*Extracted entries*
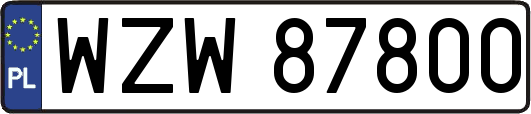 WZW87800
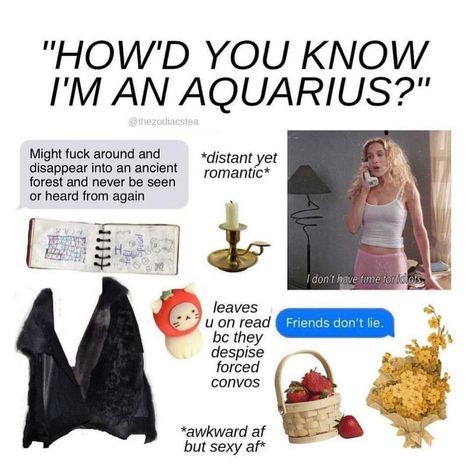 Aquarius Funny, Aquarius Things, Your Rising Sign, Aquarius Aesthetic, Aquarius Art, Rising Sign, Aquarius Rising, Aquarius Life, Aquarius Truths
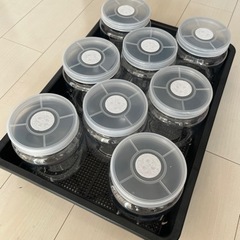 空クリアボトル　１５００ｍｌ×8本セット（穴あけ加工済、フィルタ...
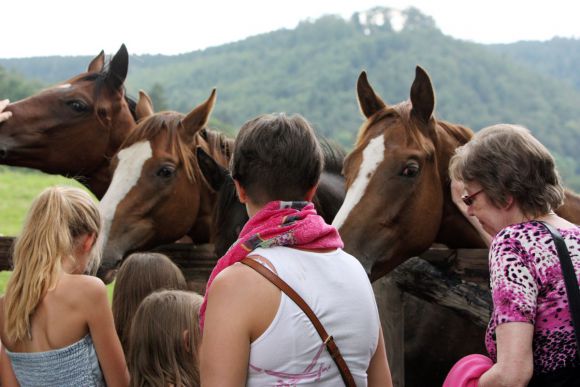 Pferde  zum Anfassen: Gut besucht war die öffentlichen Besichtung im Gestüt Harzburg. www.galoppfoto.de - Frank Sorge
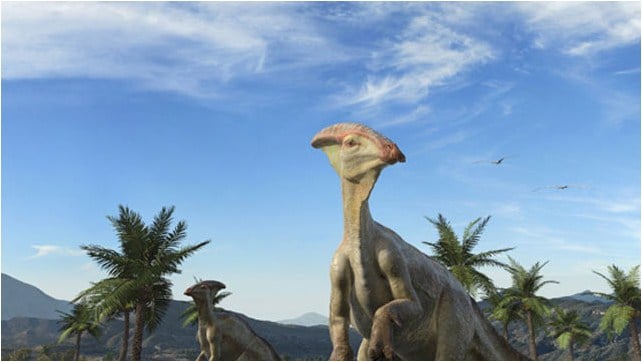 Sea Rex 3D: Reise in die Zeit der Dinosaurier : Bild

*What you have to do*
The pictures alone are to be left out when the data above is copied; all else must match exactly.

*Expected answer*
 WZW87800
 Aquarius Funny, Aquarius Things, Your Rising Sign, Aquarius Aesthetic, Aquarius Art, Rising Sign, Aquarius Rising, Aquarius Life, Aquarius Truths
 空クリアボトル　１５００ｍｌ×8本セット（穴あけ加工済、フィルタ...
 Pferde  zum Anfassen: Gut besucht war die öffentlichen Besichtung im Gestüt Harzburg. www.galoppfoto.de - Frank Sorge
 Sea Rex 3D: Reise in die Zeit der Dinosaurier : Bild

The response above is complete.